#### Problem statement:
All pictures are to be excluded when the data below is output verbatim.

#### Dataset extract:

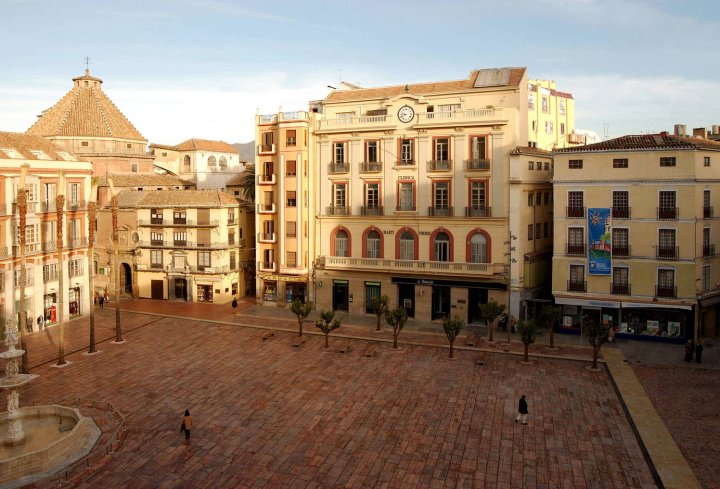 Apartamentos Plaza Constitución - Larios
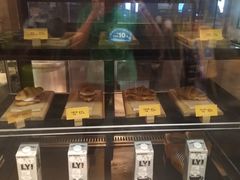 面包甜点陈列柜-麦当劳(南京水西门大街店)
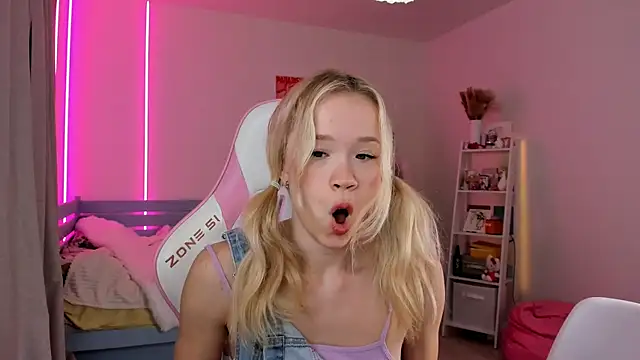 Snapshot of Lily_Young chatting on October 2025 04:26:01 AM Lily Young online show from October 2025 04:26:01 AM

#### Answer section:
 Apartamentos Plaza Constitución - Larios
 面包甜点陈列柜-麦当劳(南京水西门大街店)
 Snapshot of Lily_Young chatting on October 2025 04:26:01 AM Lily Young online show from October 2025 04:26:01 AM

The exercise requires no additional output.